**Data section**
——
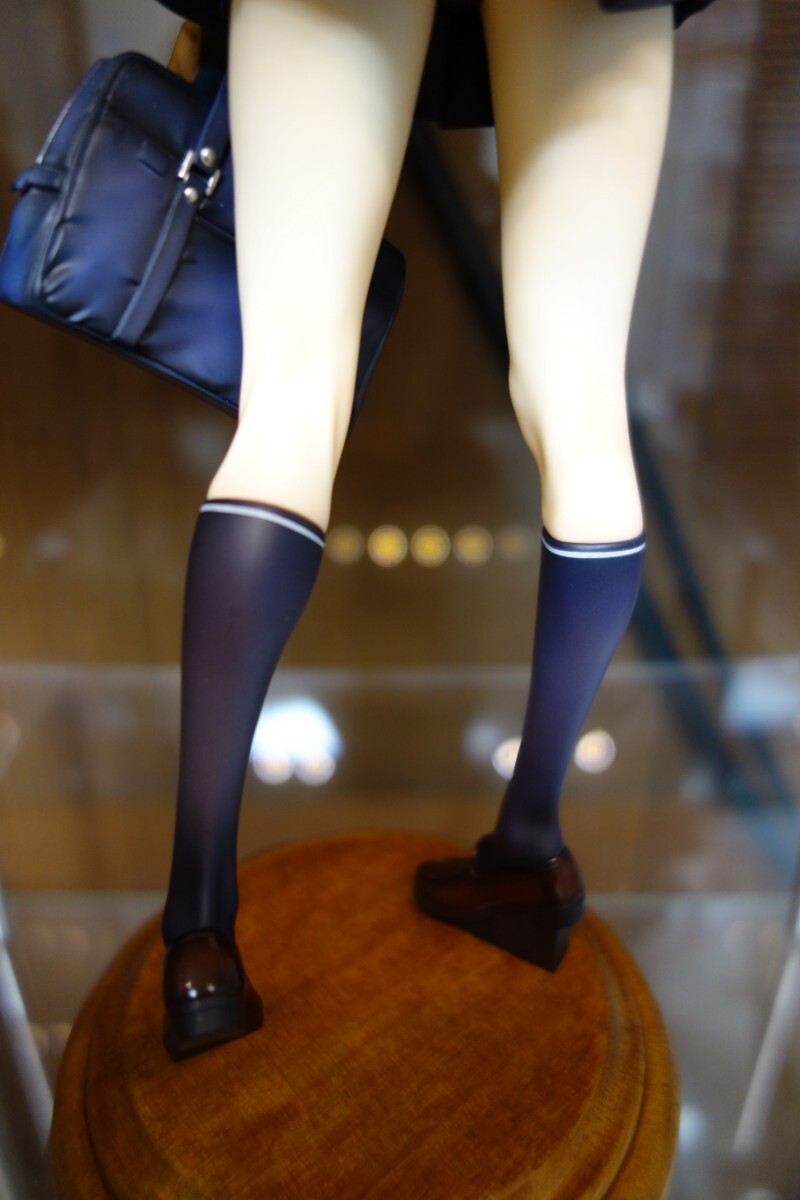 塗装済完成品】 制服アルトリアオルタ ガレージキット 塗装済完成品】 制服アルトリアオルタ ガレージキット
——
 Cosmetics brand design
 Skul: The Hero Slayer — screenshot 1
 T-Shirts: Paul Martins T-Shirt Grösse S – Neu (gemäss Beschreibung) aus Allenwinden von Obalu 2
——
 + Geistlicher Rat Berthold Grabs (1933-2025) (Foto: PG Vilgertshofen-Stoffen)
——
**Task objective**
Repeat, character for character, the lines of the material above from the line with "Skul: The Hero Slayer — screenshot 1" through the line with "T-Shirts: Paul Martins".

**Output below**
 Skul: The Hero Slayer — screenshot 1
 T-Shirts: Paul Martins T-Shirt Grösse S – Neu (gemäss Beschreibung) aus Allenwinden von Obalu 2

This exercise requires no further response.